== Work item ==
In the copy, include no images. Reproduce the entries exactly.

[[ Data in this exercise open ]]

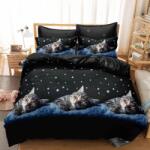 Dormy Lenjerie 3D Black cat 6 Piese (Finet) (JHN-3D-79863)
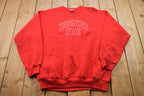 Vintage 1990s Crable Sportswear Youngstown State University Penguins Collegiate Crewneck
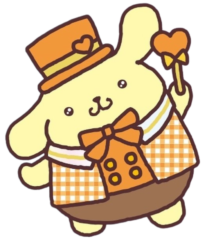 sanrio pompompurin png picture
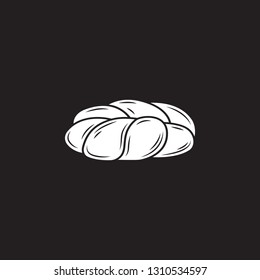 Bread icon. Simple element illustration. Bread symbol design template. Can be used for web and mobile
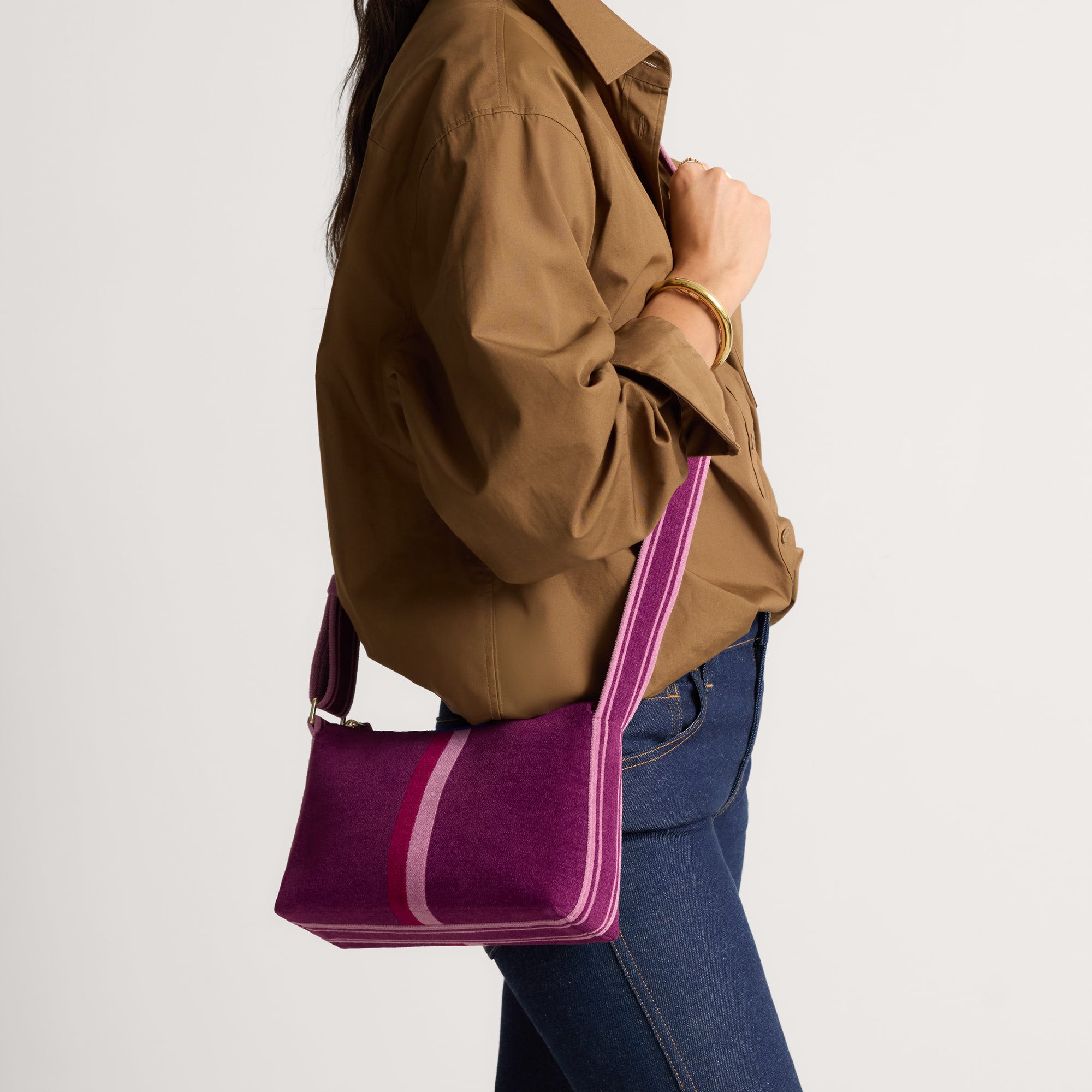 The Casual Crossbody - ReVelvet? Orchid - Image 4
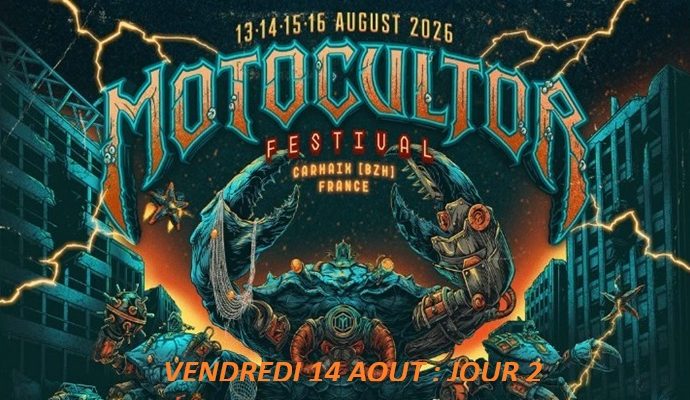 MOTOCULTOR 2026 : vendredi 14 août : jour 2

[[ Data in this exercise closed ]]

== Response to this exercise ==
 Dormy Lenjerie 3D Black cat 6 Piese (Finet) (JHN-3D-79863)
 Vintage 1990s Crable Sportswear Youngstown State University Penguins Collegiate Crewneck
 sanrio pompompurin png picture
 Bread icon. Simple element illustration. Bread symbol design template. Can be used for web and mobile
 The Casual Crossbody - ReVelvet? Orchid - Image 4
 MOTOCULTOR 2026 : vendredi 14 août : jour 2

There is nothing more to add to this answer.